Jeroen Bolluijt is an experienced AI and innovation leader with strong expertise in artificial intelligence strategy, digital transformation, and emerging technologies. He focuses on translating advanced technologies into practical outcomes by aligning innovation initiatives with organisational priorities, governance, and delivery capabilities, so clients can realise measurable value from AI and digital initiatives.

  • Welcome to Inside AI, the podcast where we bring you our unfiltered insights from people who are shaping AI programs today.

    We have Jeroen Bolluijt with us. He is our leading consultant in artificial intelligence. He is currently working with the Australian Government Department of Health, Disability and Ageing, and he has over 20 years of experience across transformation and digital delivery.

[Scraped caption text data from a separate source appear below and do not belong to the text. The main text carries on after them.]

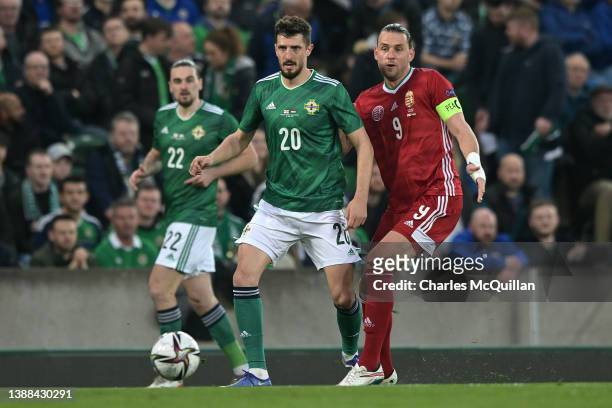 Craig Cathcart of Northern Ireland is challenged by Adam Szalai of Hungary during the international friendly match between Northern Ireland and...
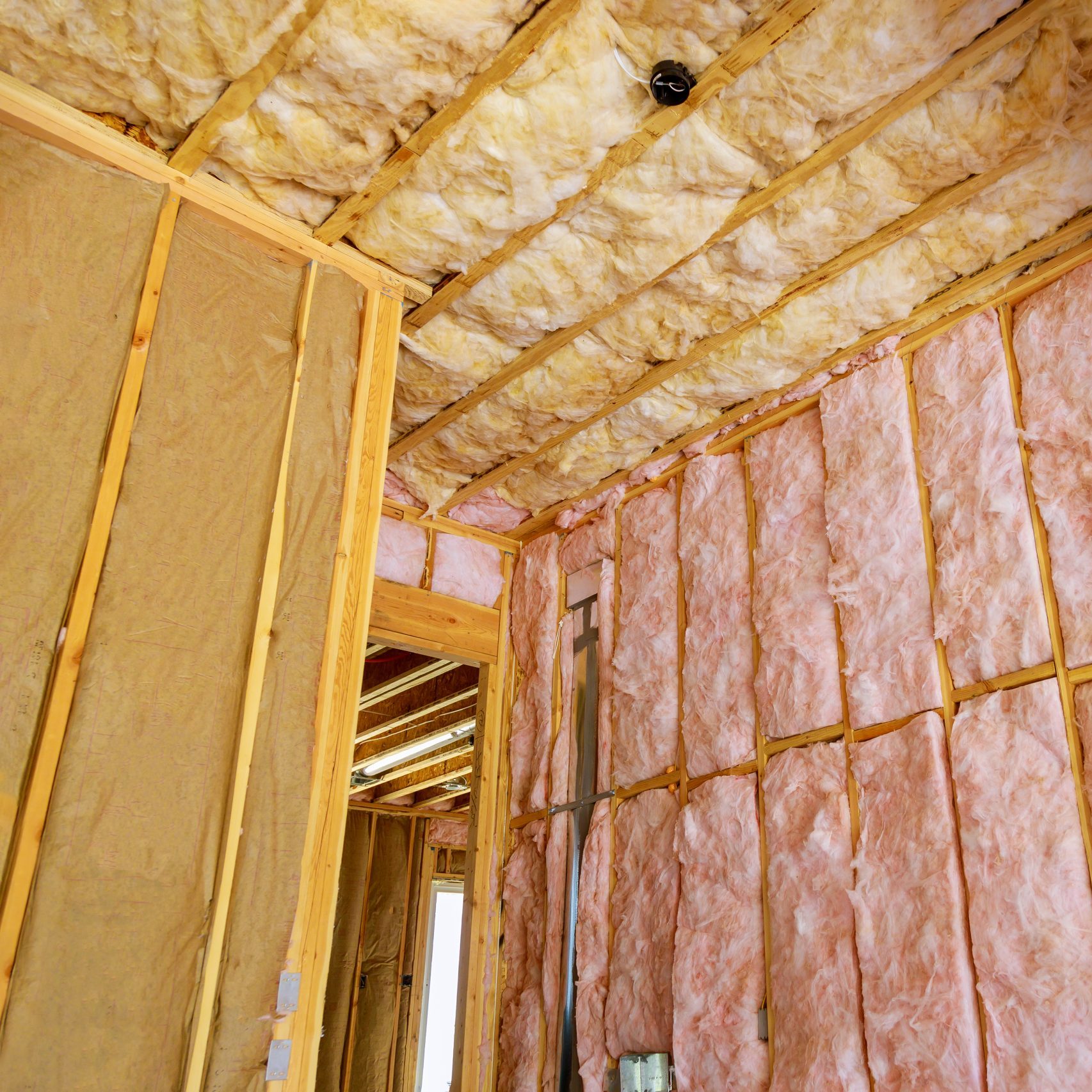 batt insulation materials at house construction walls
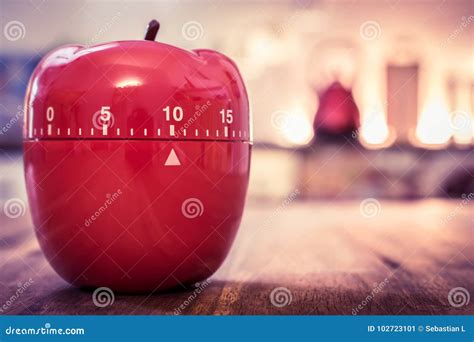 10 Minutes - Red Kitchen Egg Timer In Apple Shape On A Table Stock ...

    My name is Jan Esman. I lead CTO Consulting’s enterprise strategy consulting division, and I’m here to explore Jeroen’s outlook on some of the important questions facing all of us in AI today.

    Before we start, it’s worth noting that what you’re hearing from Jan and Jeroen today reflects our opinions and views, and not necessarily those of the organisations we work for. This is our conversation that we’re sharing with you.

    Jeroen and I talked about a really interesting perspective on AI. It feels like AI is creating the new race car—enormous amounts of power and great possibilities for the future. Yet it seems that everyone is more concerned about the brakes rather than the path ahead.

    Today we want to talk about what that looks like in terms of AI controls, and why alignment and vision matter so much. The tools we’re bringing to bear are not ones that respond well to simply applying brakes.

    I can see the desire, particularly in government agencies, given the policies, audit responsibilities, transparency requirements, and legislative obligations that are not going away. It becomes highly attractive to establish enterprise policies and rules that can be consistently applied across all systems being developed.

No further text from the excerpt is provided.